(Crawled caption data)
.....
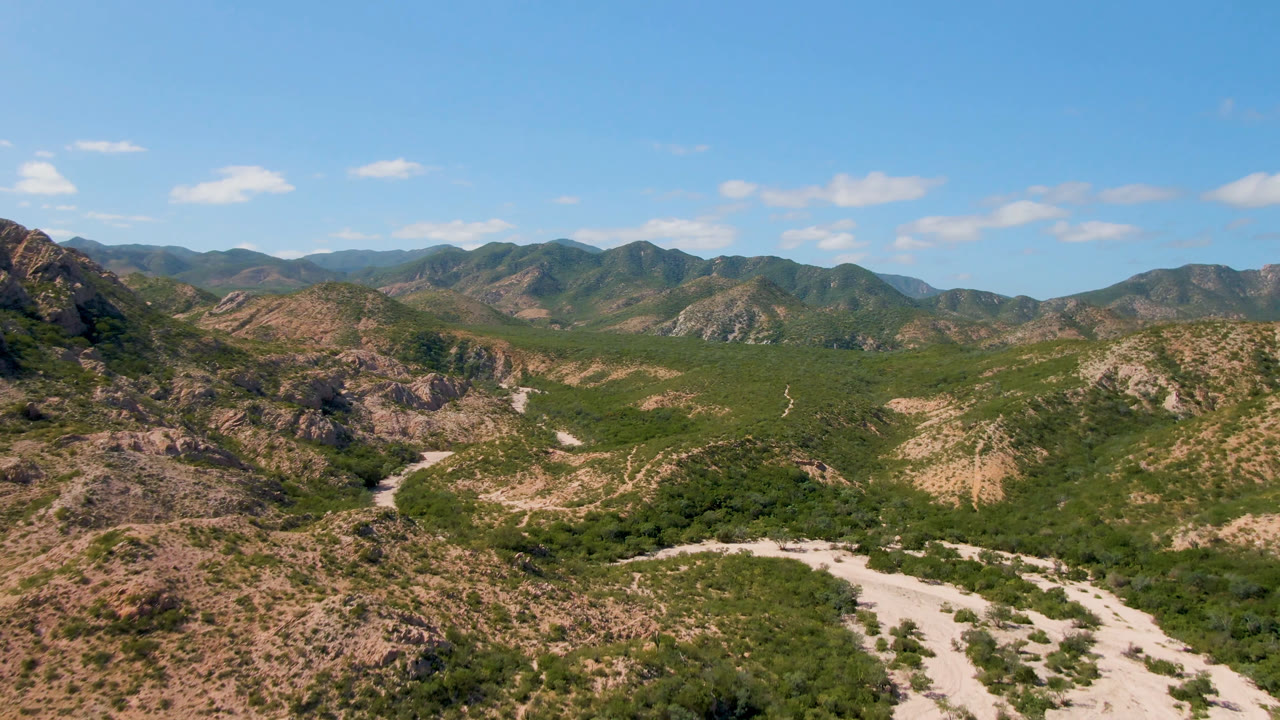 Wide aerial landscape of scrubby mountains and branching pale desert paths.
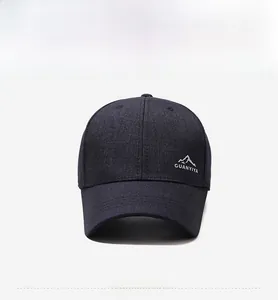 Detailed embroidery of mountain peak logo and branding on a dark twill baseball cap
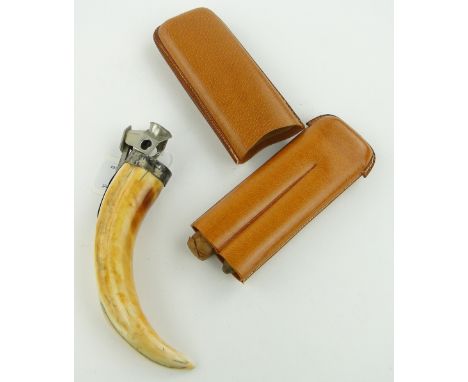 A continental silver Wild Boar tusk cigar cutter,
marked 925S, and a leather cigar case with Havana cigars, (2).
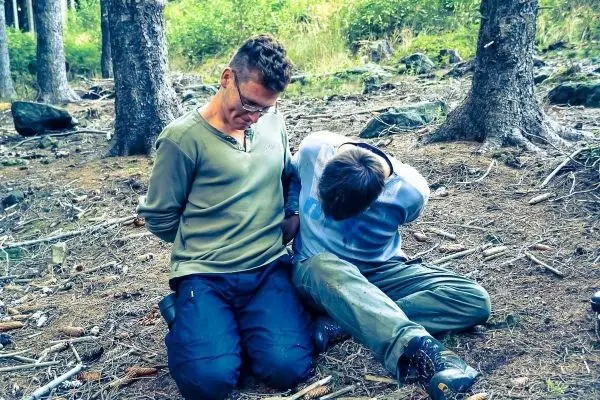 Zwei Personen sitzen auf dem Boden im Wald mit gefesselten Händen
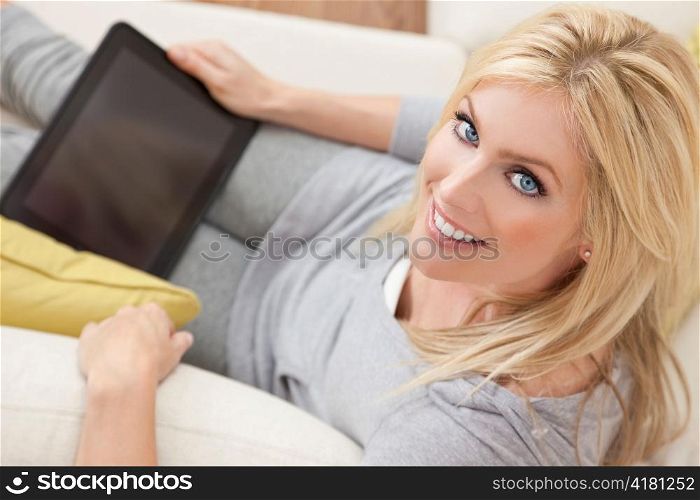 Beautiful Women Using Tablet Computer At Home on Sofa
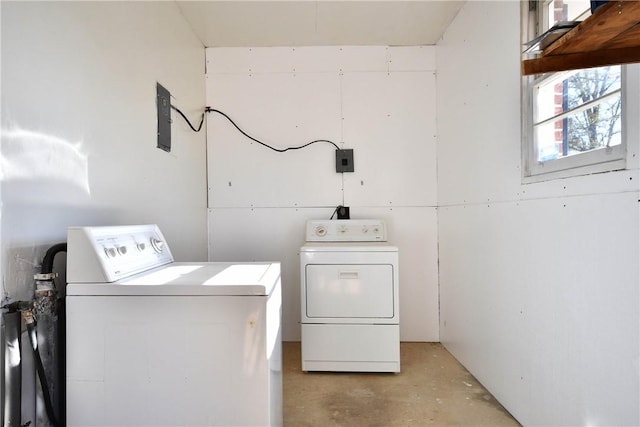 washroom with independent washer and dryer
.....
Each entry above should be returned exactly as written, minus its pictures.

### ANSWER TO THIS EXERCISE
 Wide aerial landscape of scrubby mountains and branching pale desert paths.
 Detailed embroidery of mountain peak logo and branding on a dark twill baseball cap
 A continental silver Wild Boar tusk cigar cutter,
marked 925S, and a leather cigar case with Havana cigars, (2).
 Zwei Personen sitzen auf dem Boden im Wald mit gefesselten Händen
 Beautiful Women Using Tablet Computer At Home on Sofa
 washroom with independent washer and dryer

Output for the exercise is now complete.